Step 1 — Requirements
Functional: create a paste (text up to a few MB), get a short URL, read it via the URL; optional expiry, visibility (public/unlisted/private), syntax/size limits.
Non-functional: read-heavy (reads ≫ writes), low-latency reads, durable storage of potentially large blobs, scalable, available.
Step 2 — Estimate
- Say 10M pastes/day → ~115 writes/sec. Reads maybe 10–100× → thousands/sec.
- Average paste ~10 KB, max a few MB → 10M × 10 KB = ~100 GB/day of content → don’t put blobs in the relational DB.
That storage number is the whole lesson: large content goes in a blob/object store, not the database.
Step 3 — The key split: metadata vs content
- Metadata (small, queried) → a database:
paste_id, owner, created_at, expires_at, visibility, content_url, size. - Content (large, blob) → an object store (S3-style), one object per paste, fronted by a CDN for hot reads.
create: client → app → store blob in S3 → store metadata row (with blob URL) → return code
read: client → app → metadata (cache) → fetch blob from CDN/S3
The DB stays small and fast; the object store handles the bulk; the CDN serves popular pastes from the edge.
Step 4 — Code generation
Same as the URL shortener: base62 of a range-leased ID or a key-generation service for unique short codes (reuse that lesson).

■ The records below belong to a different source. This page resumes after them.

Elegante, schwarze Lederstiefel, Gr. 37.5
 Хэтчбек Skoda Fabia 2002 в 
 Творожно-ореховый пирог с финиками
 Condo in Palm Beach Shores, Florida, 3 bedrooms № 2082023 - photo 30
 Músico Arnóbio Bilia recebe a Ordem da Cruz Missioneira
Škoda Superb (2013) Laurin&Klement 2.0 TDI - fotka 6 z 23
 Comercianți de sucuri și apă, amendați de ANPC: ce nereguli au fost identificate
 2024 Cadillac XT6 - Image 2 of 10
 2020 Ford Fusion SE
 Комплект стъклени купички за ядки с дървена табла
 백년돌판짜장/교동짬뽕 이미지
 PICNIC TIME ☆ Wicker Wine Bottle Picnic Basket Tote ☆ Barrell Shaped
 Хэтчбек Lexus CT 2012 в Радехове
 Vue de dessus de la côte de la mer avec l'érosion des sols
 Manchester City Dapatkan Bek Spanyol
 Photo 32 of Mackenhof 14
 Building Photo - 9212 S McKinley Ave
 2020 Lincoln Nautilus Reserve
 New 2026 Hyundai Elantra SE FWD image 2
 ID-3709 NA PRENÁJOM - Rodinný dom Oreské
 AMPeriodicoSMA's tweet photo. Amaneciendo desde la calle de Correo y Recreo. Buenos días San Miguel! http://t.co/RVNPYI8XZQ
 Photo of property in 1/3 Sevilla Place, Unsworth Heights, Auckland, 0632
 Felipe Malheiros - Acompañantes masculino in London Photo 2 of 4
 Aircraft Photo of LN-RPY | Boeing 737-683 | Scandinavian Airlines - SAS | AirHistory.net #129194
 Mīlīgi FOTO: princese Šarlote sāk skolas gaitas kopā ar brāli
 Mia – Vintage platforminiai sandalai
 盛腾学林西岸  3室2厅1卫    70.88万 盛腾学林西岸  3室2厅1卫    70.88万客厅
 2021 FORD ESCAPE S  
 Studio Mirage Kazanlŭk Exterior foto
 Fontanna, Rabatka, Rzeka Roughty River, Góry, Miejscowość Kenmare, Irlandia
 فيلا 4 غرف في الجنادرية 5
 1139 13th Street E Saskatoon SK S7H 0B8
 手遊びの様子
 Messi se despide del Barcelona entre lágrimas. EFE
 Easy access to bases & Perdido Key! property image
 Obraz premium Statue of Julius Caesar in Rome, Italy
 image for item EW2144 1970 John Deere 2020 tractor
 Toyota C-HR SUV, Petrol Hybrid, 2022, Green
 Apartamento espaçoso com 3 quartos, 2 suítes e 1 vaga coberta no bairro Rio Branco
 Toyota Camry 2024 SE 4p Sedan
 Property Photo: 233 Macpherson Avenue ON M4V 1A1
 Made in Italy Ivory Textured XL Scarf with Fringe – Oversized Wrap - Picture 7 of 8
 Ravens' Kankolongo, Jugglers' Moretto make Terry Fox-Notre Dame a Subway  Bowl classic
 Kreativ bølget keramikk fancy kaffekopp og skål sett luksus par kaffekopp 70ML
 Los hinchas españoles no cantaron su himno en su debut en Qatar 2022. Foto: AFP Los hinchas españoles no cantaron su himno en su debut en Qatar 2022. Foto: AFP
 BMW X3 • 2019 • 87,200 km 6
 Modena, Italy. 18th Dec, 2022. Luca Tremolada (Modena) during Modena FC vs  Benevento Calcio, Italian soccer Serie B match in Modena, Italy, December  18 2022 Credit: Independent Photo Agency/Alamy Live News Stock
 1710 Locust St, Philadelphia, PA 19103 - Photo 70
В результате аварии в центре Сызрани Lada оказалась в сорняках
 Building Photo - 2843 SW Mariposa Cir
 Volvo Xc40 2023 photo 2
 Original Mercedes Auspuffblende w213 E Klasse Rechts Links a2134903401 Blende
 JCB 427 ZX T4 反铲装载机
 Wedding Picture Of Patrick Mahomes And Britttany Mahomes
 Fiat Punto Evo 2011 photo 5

No need to re-derive it — say “same ID strategy as the shortener.”
Step 5 — Reads (cache + CDN)
- Metadata in a cache (Redis) for the hot pastes.
- Content via CDN; pastes are immutable, so caching is trivial (no invalidation), with TTLs for memory.
- Private pastes bypass the CDN (or use signed URLs) and check auth at the app.
Step 6 — Expiry and limits
- Expiry →
expires_at; a background job deletes expired metadata and their blobs (don’t leak storage); lazy-check on read. - Size/abuse limits → cap paste size; rate-limit creates; scan for malicious content.
Trade-offs to raise
- Blob store + CDN vs DB BLOBs — never store multi-MB blobs in the relational DB (bloats it, kills cache efficiency); the object-store split is the right call.
- Immutability simplifies caching — pastes don’t change, so cache freely.
- Public (CDN-cacheable) vs private (auth’d, signed URLs) content paths.
The interview cue
“Same short-code generation as the URL shortener, but content is large — so paste text goes to an object store fronted by a CDN, and only small metadata lives in the DB (cached for hot pastes). Pastes are immutable, so caching is trivial; expiry purges both metadata and blobs.” The metadata/blob split + CDN is the new idea here and recurs in every media system ahead.